- _Try it_: Word for word, copy out the data below, omitting pictures.

- _Collection entries_:
☆ ☆ ☆
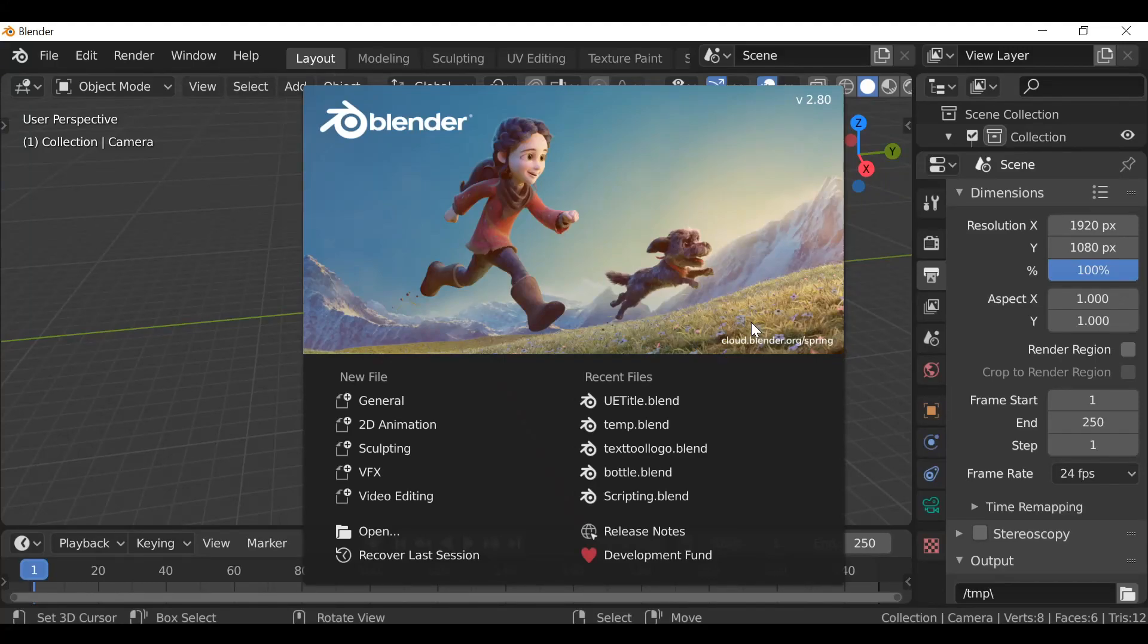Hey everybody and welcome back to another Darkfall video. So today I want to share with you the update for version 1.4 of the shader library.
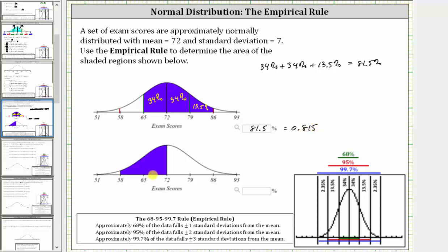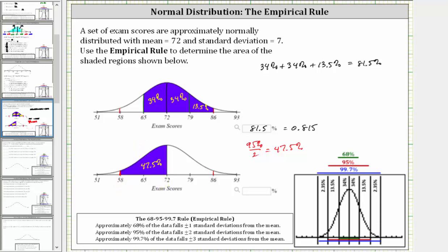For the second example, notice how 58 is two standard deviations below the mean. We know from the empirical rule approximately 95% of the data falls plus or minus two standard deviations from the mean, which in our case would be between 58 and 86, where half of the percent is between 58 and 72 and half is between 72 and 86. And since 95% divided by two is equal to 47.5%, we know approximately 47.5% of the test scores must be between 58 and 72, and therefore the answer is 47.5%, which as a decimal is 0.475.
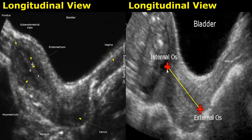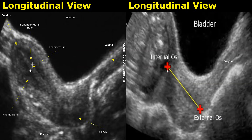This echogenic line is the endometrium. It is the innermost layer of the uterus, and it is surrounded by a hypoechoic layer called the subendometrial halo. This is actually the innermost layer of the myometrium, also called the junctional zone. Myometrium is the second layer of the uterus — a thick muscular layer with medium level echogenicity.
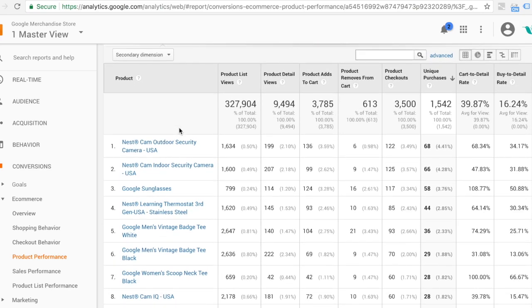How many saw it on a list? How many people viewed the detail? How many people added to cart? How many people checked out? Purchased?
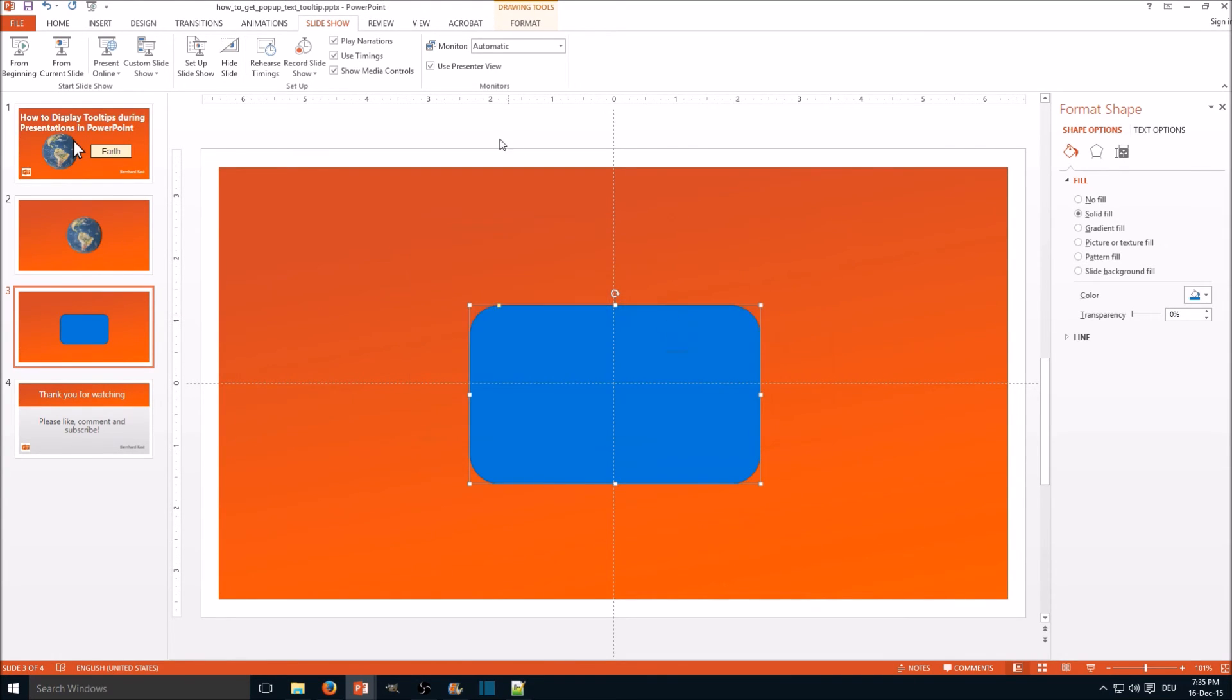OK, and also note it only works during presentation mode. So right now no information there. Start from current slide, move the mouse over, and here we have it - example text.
☆ ☆ ☆
- _Response to the task_:
Hey everybody and welcome back to another Darkfall video. So today I want to share with you the update for version 1.4 of the shader library.
For the second example, notice how 58 is two standard deviations below the mean. We know from the empirical rule approximately 95% of the data falls plus or minus two standard deviations from the mean, which in our case would be between 58 and 86, where half of the percent is between 58 and 72 and half is between 72 and 86. And since 95% divided by two is equal to 47.5%, we know approximately 47.5% of the test scores must be between 58 and 72, and therefore the answer is 47.5%, which as a decimal is 0.475.
This echogenic line is the endometrium. It is the innermost layer of the uterus, and it is surrounded by a hypoechoic layer called the subendometrial halo. This is actually the innermost layer of the myometrium, also called the junctional zone. Myometrium is the second layer of the uterus — a thick muscular layer with medium level echogenicity.
How many saw it on a list? How many people viewed the detail? How many people added to cart? How many people checked out? Purchased?
OK, and also note it only works during presentation mode. So right now no information there. Start from current slide, move the mouse over, and here we have it - example text.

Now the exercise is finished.